En una ocasión, un compañero practicante y yo estábamos contando a la gente la verdad sobre Dafa cuando alguien nos denunció. La policía dijo que nos detendrían durante quince días. La mayoría de las personas detenidas allí eran jóvenes. Yo era la única persona mayor. A la mañana siguiente, cuando fui a vaciar la basura, vi que el cubo estaba medio lleno de bollos blancos al vapor. Me pareció un gran desperdicio. Pensé que debía decírselo; como practicante de Dafa, no podía permitir que crearan karma para sí mismos.

Les expliqué: «Si no se los van a comer, no los cojan. Si los cogen, deben comérselos. Si no pueden terminarlos, guárdenlos para la próxima comida. No deben tirar bollos al vapor: ¡es un pecado! Piénsenlo, los agricultores trabajan desde el amanecer hasta el anochecer, lo difícil que es para ellos cosechar el grano. En la cocina nos preparan la comida y nos la sirven. Si no nos la comemos y la tiramos, ¡qué desperdicio!». Después de eso, cada vez que iba a vaciar la basura, veía que nadie tiraba bollos al vapor.

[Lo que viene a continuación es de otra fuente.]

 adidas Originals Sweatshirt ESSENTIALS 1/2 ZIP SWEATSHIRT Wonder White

Como había tanta gente en el centro de detención, no siempre había agua disponible. A veces no había agua para tirar de la cadena del baño y las habitaciones olían mal. Desde que llegué, todos los días llenaba los cubos y las palanganas de la celda, limpiaba el baño y fregaba la habitación para que estuviera ordenada y limpia. Todos estaban muy contentos. Por la noche, también tenía que hacer turno para el servicio de guardia. A los jóvenes les gustaba dormir, así que yo les cubría los turnos; de esta forma, también podía hacer los ejercicios. A todos estos jóvenes les gustaba estar conmigo.

Un día, una anciana de otra celda vino y dijo que estaba detenida por un juicio. Comentó: «¡Esta celda está tan limpia! Nadie limpia la otra celda, y está muy sucia».

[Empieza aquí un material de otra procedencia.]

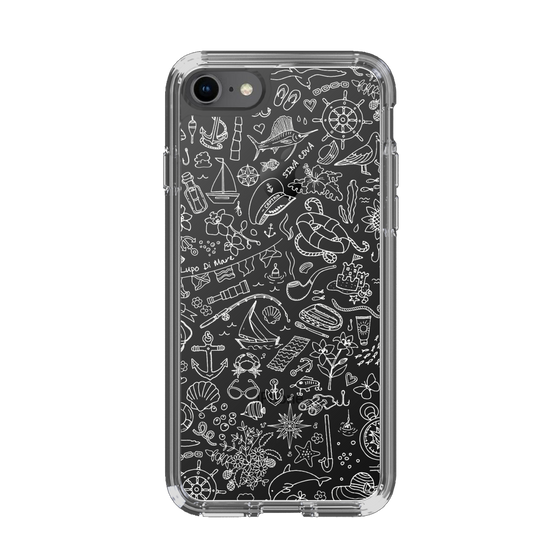 Slim Protection Case［ SINA COVA - Marine Line Art - White ］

Los jóvenes dijeron: «Esta tía la ha limpiado. Ella limpia todos los días. Practica Falun Dafa».

La anciana dijo: «¡Así que Falun Dafa es tan bueno!».

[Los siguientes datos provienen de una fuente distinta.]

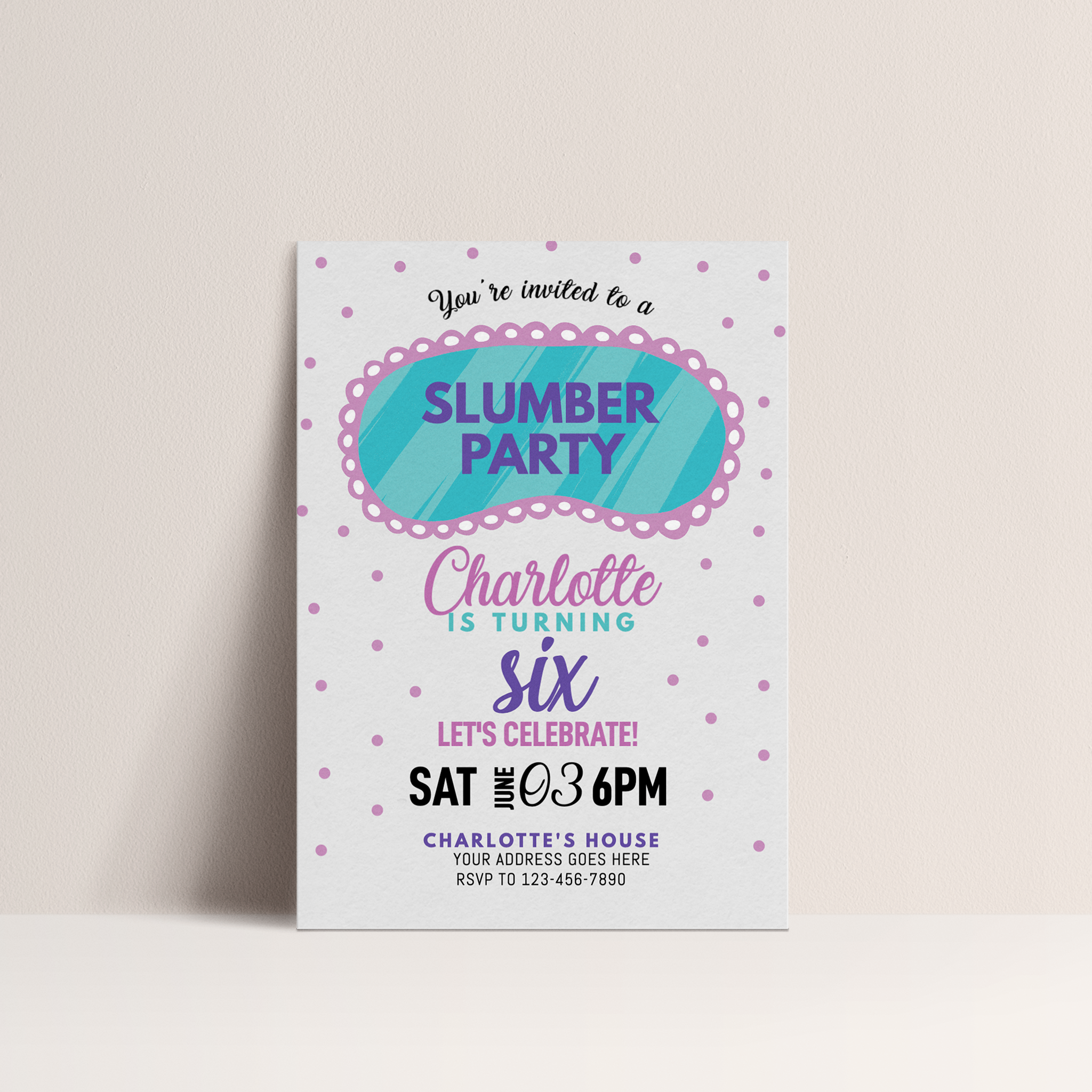 Slumber Party Sleepover Birthday Invitation – Editable Digital Template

Yo le respondí: «el Maestro Li Hongzhi nos enseña a hacer esto. Nos pide que seamos buenas personas dondequiera que estemos, que seamos personas aún mejores y que pensemos siempre en los demás. Si no practicara Falun Dafa, no habría sido capaz de hacer esto».

En la duodécima noche en el centro de detención, tuve un sueño. Un helicóptero aterrizó en la entrada. A la mañana del decimotercer día, vinieron tres agentes de la Oficina de Seguridad Pública y me llamaron. Me preguntaron si seguiría practicando. Les respondí: «¡Es una práctica tan maravillosa, ¿quién no la practicaría?!».

Los agentes dijeron: «Si insistes en practicar, solo tienes que firmar este papel e irte a casa a practicar». Pensé: si solo firmo este papel, podré irme a casa. Así que accedí a firmar. Me llevé el papel a la habitación.

Los jóvenes le echaron un vistazo y dijeron: «Tía, este papel dice que te condenan a un año de trabajos forzados».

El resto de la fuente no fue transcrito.